Education, From The Capitol To The Classroom

Why The Measure To Keep Student Loan Interest Rates Low May Not Help You

    Brendan Smialowski / AFP/GettyImages

    President Obama speaks to a crowd at the University of Iowa on April 25. He spoke about student loans at colleges in Colorado and North Carolina on his trip.

    The U.S. House passed a bill at the end of last week that would keep the interest rates charged on some federal student loans from doubling… And that’s all student loans past and future, right?

    No. The $6 billion bill only applies to new loans, says The Brookings Institution’s Matt Chingos. But both President Obama and his presumptive challenger Mitt Romney — who both have voiced support for the measure — seem happy leave this misconception unchallenged, Chingos writes:

    Presumptive Republican presidential nominee Mitt Romney appears to be confused on this issue, or at least willing to capitalize on this confusion in order to woo young voters. 

    In announcing his support for extending the interest-rate reduction, Romney said “particularly with the number of college graduates that can’t find work or that can only find work well beneath their skill level, I fully support the effort to extend the low interest rate on student loans.”

    President Obama has also alluded to the short-term needs of students, asking a University of North Carolina audience yesterday “Anybody here can afford to pay an extra $1,000 right now?”
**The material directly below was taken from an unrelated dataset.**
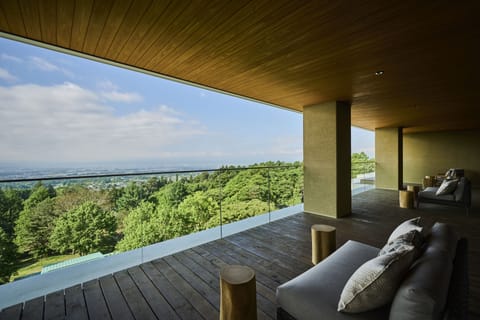 2 restaurants, dinner served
    But the type of loans affected by the president’s proposal—new subsidized loans—do not accumulate interest until after students leave college. So a student struggling to afford college would not get any relief now—they would just face somewhat lower loan payments down the road…
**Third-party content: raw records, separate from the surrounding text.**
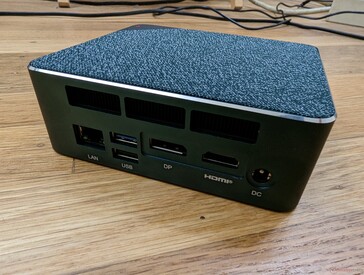 Rear ports. Note the new DP port that has replaced one of the HDMI ports on last year's model
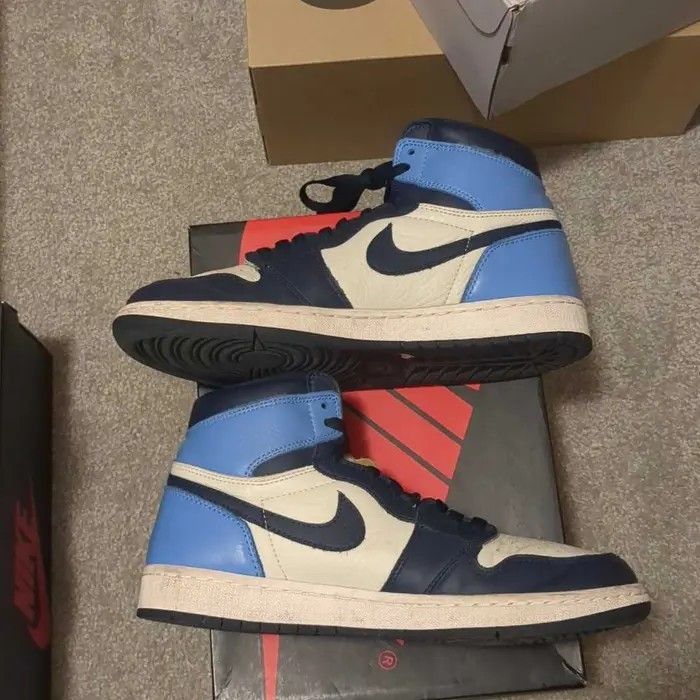 Jordan Brand Jordan 1 Retro High OG Obsidian 555088 140 Size 9 US Men Size US 9 / EU 42 - 2 Thumbnail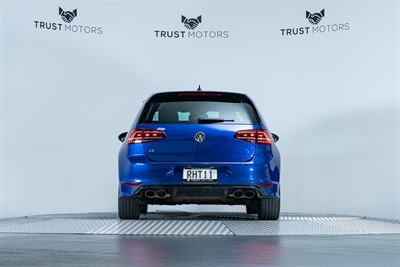 2014 Volkswagen Golf - Thumbnail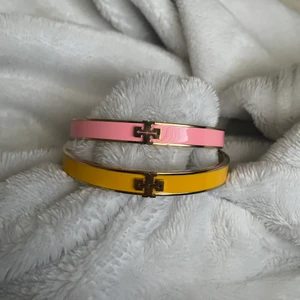 Tory burch - Säljer dessa fina tory burch armband som inte kommer till användning, jag vill få bort dom. Buda (Köpt är köpt)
    If Obama and Romney want to buy the votes of struggling college students, they should at least propose the more efficient path of increasing the grants that students receive when they attend college, not decreasing the interest they pay after they leave.

    That said, the White House says the proposal would save the average new borrower roughly $1,000 in student loan interest.
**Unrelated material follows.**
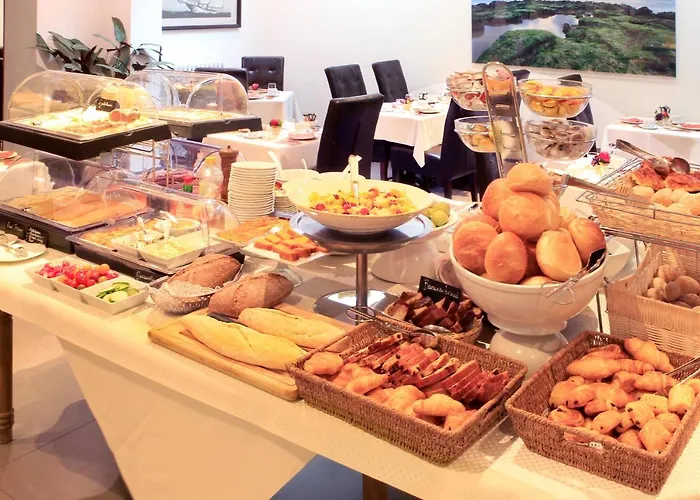 德霍克美思酒店 3*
    As we wrote last week, higher education experts are starting to worry the sticker shock of student loan debt could be deterring new college students from enrolling.

    The average student at an Indiana college accrues more than $30,000 in debt for every degree they earn, according to one dataset. (At Purdue and IU, it’s more like $18,000.)

    For the record, the bill in the U.S. House is by no means a sure thing to pass. The snag? Democrats aren’t happy, EdWeek reports, with the way Congressional Republicans proposed paying for it: moving $6 billion out of a fund set up under the Obama administration’s healthcare law.